The analyses demonstrate that changes in hazard, exposure, and vulnerability jointly determine impact trajectories. For floods, all three drivers are equally important in explaining impact changes, challenging an exclusive focus on vulnerability reduction. For droughts, vulnerability changes did not significantly relate to impact changes, suggesting sectoral spillovers and complexities make vulnerability management less effective. Decreases in impact typically arose from combined reductions in hazard and vulnerability, even when exposure grew, underscoring the need for integrated strategies. Conversely, increased impacts were primarily driven by higher hazard and exposure, with modest vulnerability reductions unable to compensate. A key insight is the systemic difficulty of managing unprecedented events: when hazards exceed historical design thresholds, structural defenses often fail, and even improved management cannot fully prevent large impacts. Additionally, feedbacks and unintended consequences (e.g., levee- or reservoir-induced exposure growth) can erode benefits of hazard-reduction infrastructure. The observed positive correlation between flood hazard and exposure reflects the physical expansion of inundation areas with increasing hazard magnitude. Overall, effective risk reduction requires simultaneous attention to hazard moderation, exposure control (e.g., land-use planning), and vulnerability reduction, alongside proactive, anticipatory governance and early warning systems that are robust to extremes beyond design standards.

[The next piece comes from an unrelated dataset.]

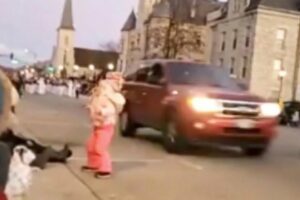 Suv piomba sulla parata natalizia nel Wisconsin: 5 morti e una quarantina di feriti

The paper contributes empirical evidence, across 45 global paired events, that risk management has generally reduced vulnerability and management shortcomings, but rising impacts often stem from increases in hazard and exposure, especially during unprecedented events that exceed infrastructure design limits. For floods, hazard, exposure, and vulnerability changes are equally important in shaping impacts; for droughts, vulnerability changes have been less effective. Two success cases show that strong governance, substantial investment in structural and non-structural measures, and improved early warning can reduce impacts even under increased hazard. Future directions include: adopting proactive, anticipatory risk management that accounts for tail risks and design exceedance; integrating land-use planning to constrain exposure growth; enhancing cross-sectoral coordination to mitigate drought spillovers; improving data and standardized indicators to reduce subjectivity; and developing adaptive, flexible infrastructure and governance to cope with unprecedented extremes under climate change.

- Data heterogeneity: availability and quality varied across cases and regions, potentially introducing inconsistency and subjectivity. - Indicator approach: relied on categorical indicators-of-change with sub-indicators; while a quality assurance protocol was used, residual subjectivity remains. - Sample size and balance: limited number of cases where only a single driver changed constrains attribution; smaller drought sample reduced statistical significance in sensitivity tests. - Unprecedented classification: designation of hazard +2 as “unprecedented” is subjective and context-dependent. - Generalizability: case-based empirical synthesis may not capture all regional dynamics or sectoral spillovers, especially for drought.